You can choose to pull some of the frames of older brood and capped brood out. They will not mature in time to add anything to that years harvest in most cases anyway. There is lots of tuning options depending on your motives.


----------



## doug reed (Feb 1, 2014)

What are the chances of just ending up with a box full of nurse bees? I just tried the Taranov method and it seemed to work just as it's supposed to.I left all brood and stores in the old hive. Then I started thinking: Yeah I didn't have to locate the queen, but what if she had already swarmed and the new queen had not emerged? Or what if the new queen was out on a mating flight?
There were Q-cells with larva, so I wasn't sure if I got the timing right. 
And what about stores? I've heard people say " It's just like a swarm, they bring their stores with them." I felt this was questionable. So I ended up giving them a couple frames of honey and pollen to ease my mind. As to whether I have a queen in the new hive only time will tell. If not I'll add a queen or Q-cell


----------



## shannonswyatt (May 7, 2012)

Check in a couple days for eggs.


----------



## jwcarlson (Feb 14, 2014)

doug reed, when in doubt, don't be afraid to give them something to eat. Especially if the weather looks questionable over the next few days. Either in the form of syrup or stores in comb. You can't really do it wrong. When I shook mine out, I found a frame with eggs first and put it in the box for them so that if they needed to raise a queen I'd know. I wasn't sure if the queen had swarmed yet or not. Later in the process I watched her walk into the box, but it gives them an anchor and gives you a little peace of mind.


----------



## Michael Bush (Aug 2, 2002)

I have not tried it, but it would seem like a good method to get a lot of nurse bees for a "swarm box" for a cell starter.


----------



## Gasmanone (Feb 3, 2017)

crofter said:


> Several years ago when researching swarming and swarm prevention I came across reference to a Taranov swarm procedure. It is a way to separate a colonies bees by age and stage very much as the bees arrange themselves when they swarm off into the trees. The big difference is you can set the time and place and have them conveniently in your hands or have them walk into the new hive.
> 
> I found it a good way to do a split and leave behind the foragers while pulling off the queen and nurse bees. I have a terrible time finding my dark queens and have wasted a lot of time searching when I want to replace a queen. Basically it amounts to making a ramp and throwing a towel or blanket over it and shaking all the bees out on the ramp. The ones that have flown and oriented immediately return to the original hive site (or the box you put in its place) and the other young bees and the queen, walk up the ramp and form a cluster under its lip. This can be picked up and dumped in a box of foundation or drawn comb. They dont fly so there is about zero chance of them not accepting the box you put them in.
> 
> ...



>>Lovely idea for a must try in a few months time in Yorkshire,UK. Can you give a little more on the Snelgrove board ? Please? I have one, never used it, and understand the principal, BUT I was going to put the weaker hive at the bottom of the stack, and bleed the flying bees down the ways to add extra help. Am I OK on this or a little confused ? Advise Appreciated << George


----------



## crofter (May 5, 2011)

Gasmanone said:


> >>Lovely idea for a must try in a few months time in Yorkshire,UK. Can you give a little more on the Snelgrove board ? Please? I have one, never used it, and understand the principal, BUT I was going to put the weaker hive at the bottom of the stack, and bleed the flying bees down the ways to add extra help. Am I OK on this or a little confused ? Advise Appreciated << George


I am not sure what you mean by "weaker hive". After you separate with a taranov swarm the original location will be strong on forager bees and the others you collect on the ramp or in the remove box will be strong on nurse bees.
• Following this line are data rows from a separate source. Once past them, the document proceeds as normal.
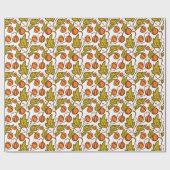 Autumn Pumpkin Vines Hand Drawing Design Geschenkpapier (Flach)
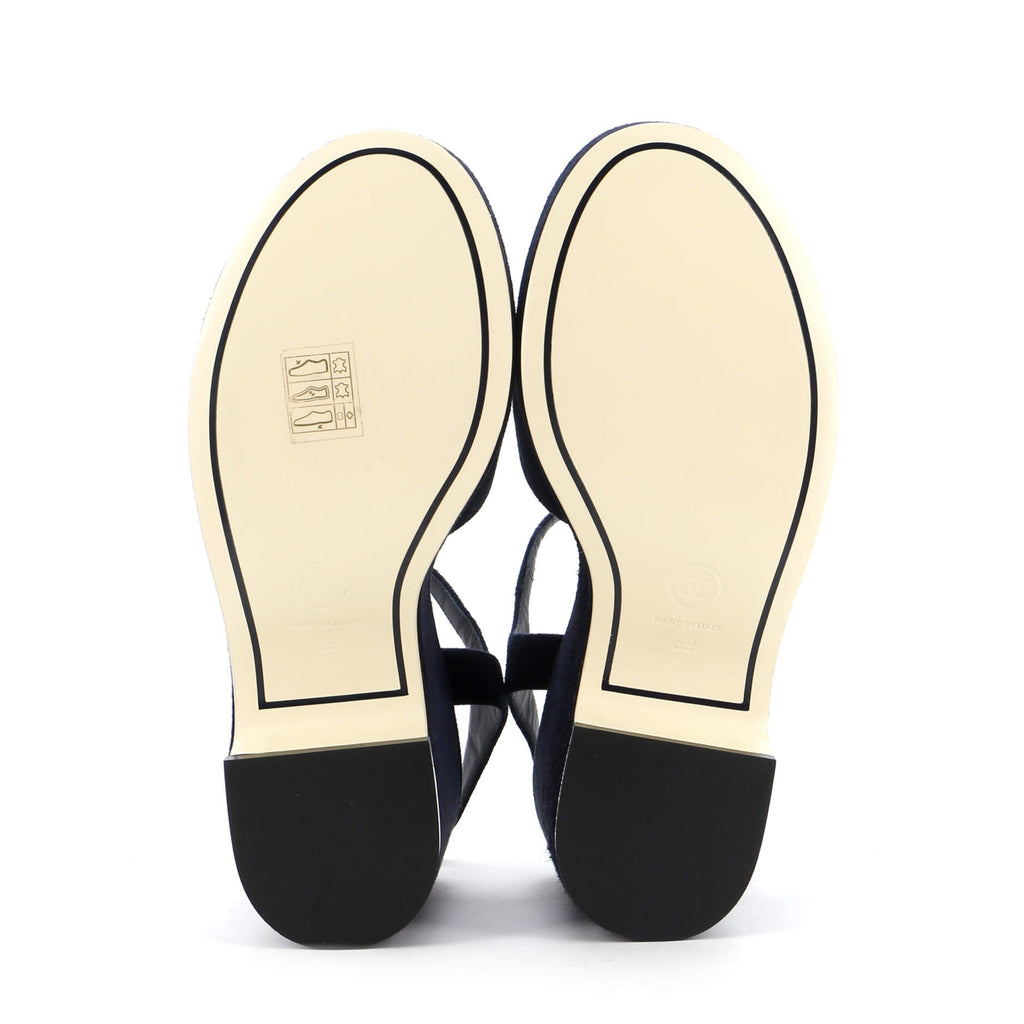 Women's CC Wedge Sandals Suede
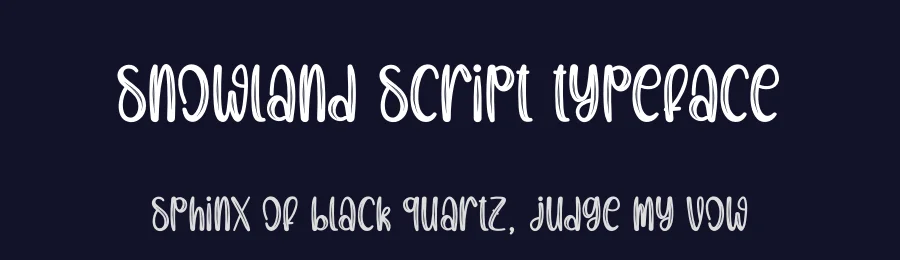 Snowland Script Typeface by creativeletter — Script Handwritten Font — thumbnail 2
To set up Snelgrove's classic swarm prevention you would have the queen in the bottom box with only a bit of open brood to anchor her. All other open and capped brood goes in top box above the division board. The majority of the nurse bees will follow the brood and as bees from the top box are bled down to forage from the lower box as soon as they orient. Another method puts the queen in the top box but the end game is pretty much the same; the queen is separated from either flying bees or separated from the majority of the brood. Either situations fullfilled seems to kill the swarm inclination.
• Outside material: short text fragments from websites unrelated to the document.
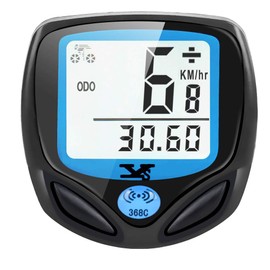 Dinokqa digital wireless bicycle speedometer, waterproof, wireless odometer with automatic wake up and LCD backlight.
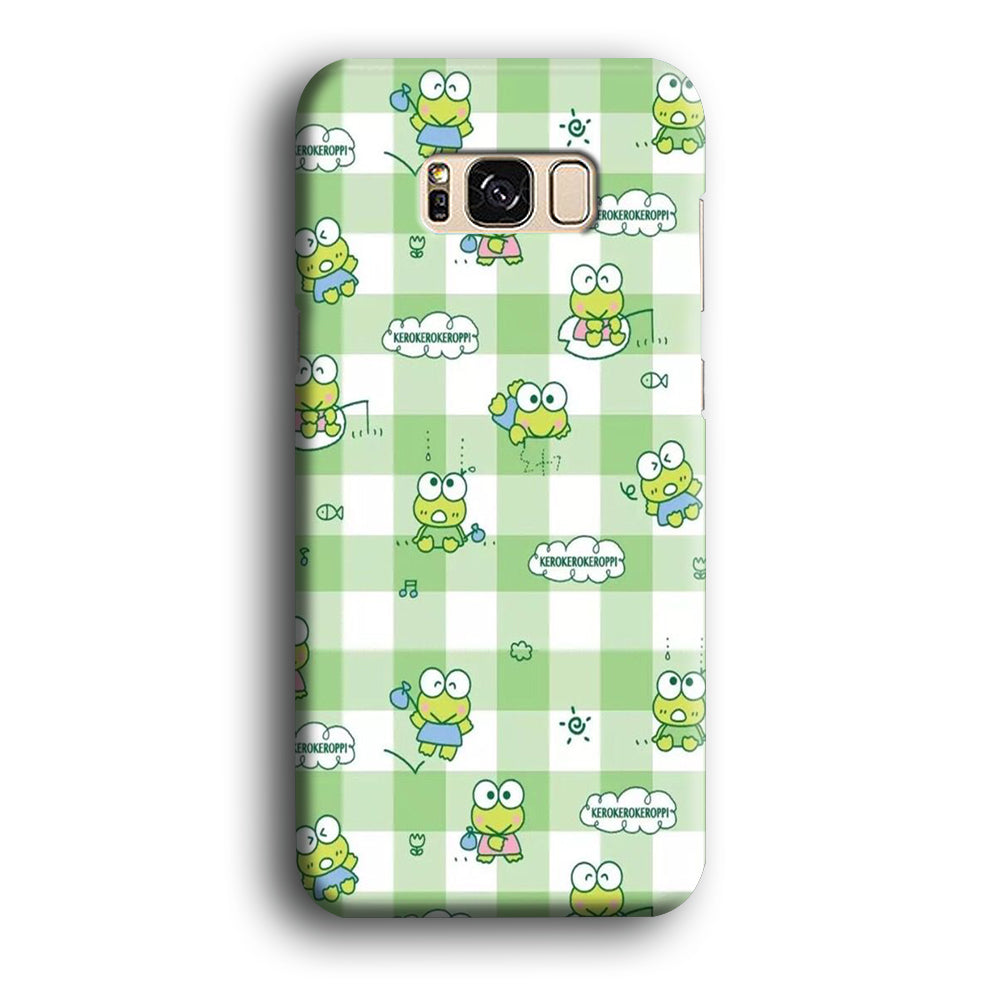 Keroppi Flannel Wallpaper Samsung Galaxy S8 Case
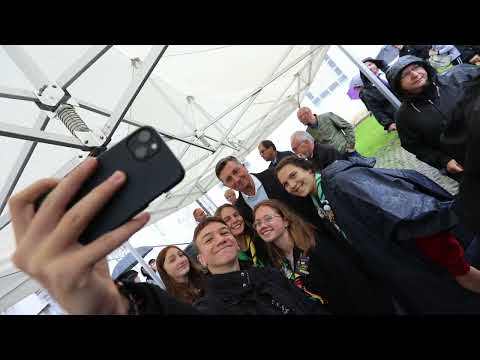 20220917  STIČNA PREDSEDNIK PAHOR 41. SREČANJA SLOVENSKE KATOLIŠKE MLADINE "STIČNA MLADIH 2022"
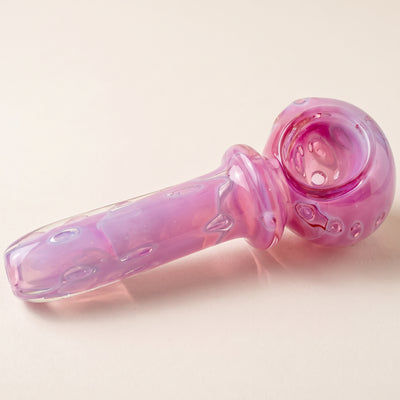 5" Pink Bubble Trap w/ Maria Neck Hand Pipe, light background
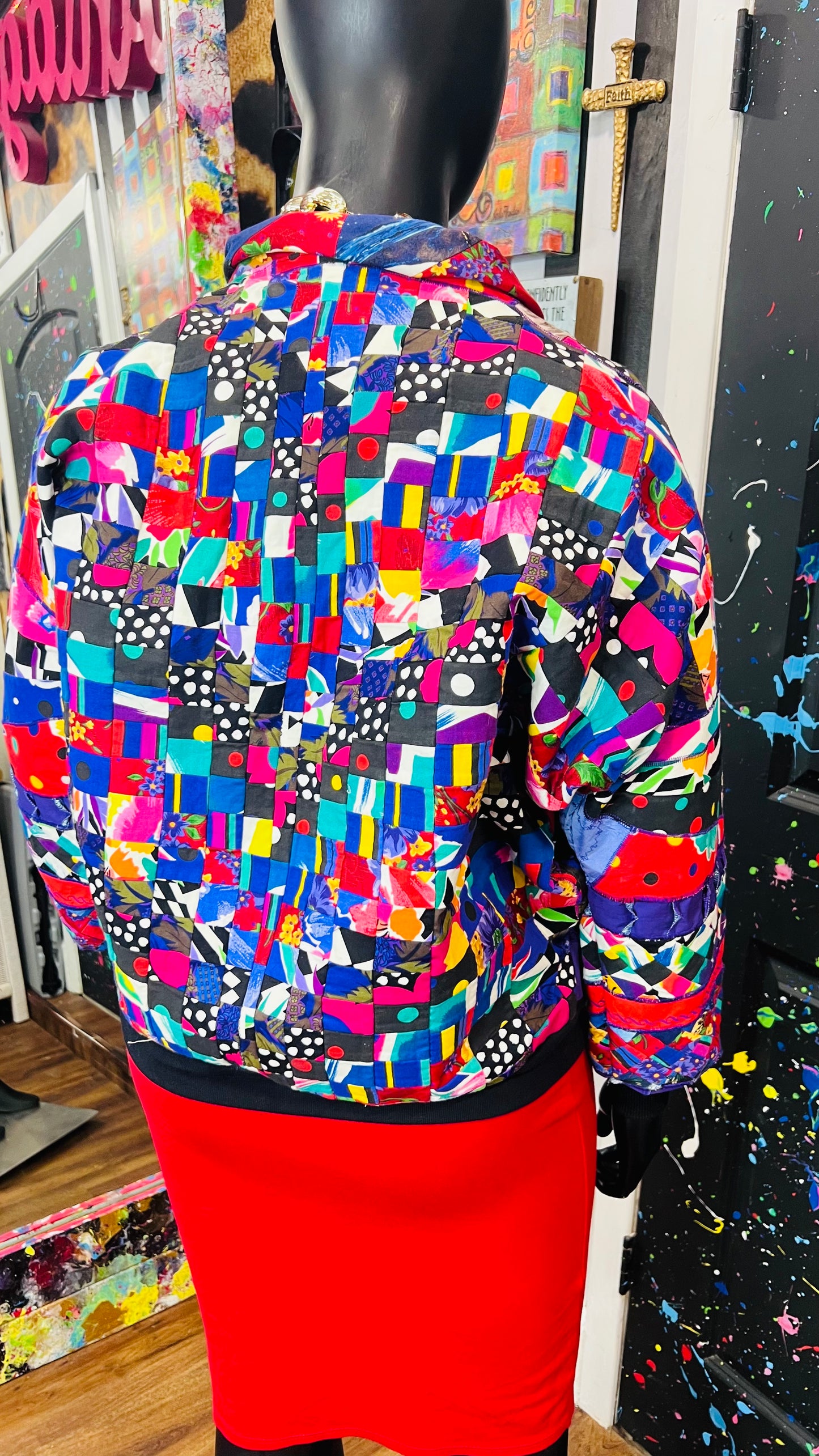 Vintage Cotton Patchwork Jacket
In the UK you should have no problem picking up a used copy of Snelgroves book, Swarming: Its control and prevention. Mine came from the UK via Abebooks.com which is an excellent source of used books on many topics.


----------



## Gasmanone (Feb 3, 2017)

If aiming for a preemptive swarm control procedure e.g. Snelgrove B., what are the advantages of a Taranov split prior to a SB ?? Advise as I have come through my first winter with a late made up nucleus on a single deep and wish to increase my one colony for security and safety, comfort, reasons Thanks


----------



## Vance G (Jan 6, 2011)

WOW!! Mr Carlson I just watched this for the first time and you are the fastest moving beek I have ever seen and those are some runny bees! Regular track stars! THis is simply a better plan than the humongous ramp I made and tote around! As the snow swirls and piles up outside it is good to see beekeeping! Only two months til the taranov procedure might be helpful or necessary.


jwcarlson said:


> Here's my go at it last summer:
> http://www.beesource.com/forums/showthread.php?315013-Taranov-without-capped-cells


----------



## jwcarlson (Feb 14, 2014)

Vance G said:


> WOW!! Mr Carlson I just watched this for the first time and you are the fastest moving beek I have ever seen and those are some runny bees! Regular track stars! THis is simply a better plan than the humongous ramp I made and tote around! As the snow swirls and piles up outside it is good to see beekeeping! Only two months til the taranov procedure might be helpful or necessary.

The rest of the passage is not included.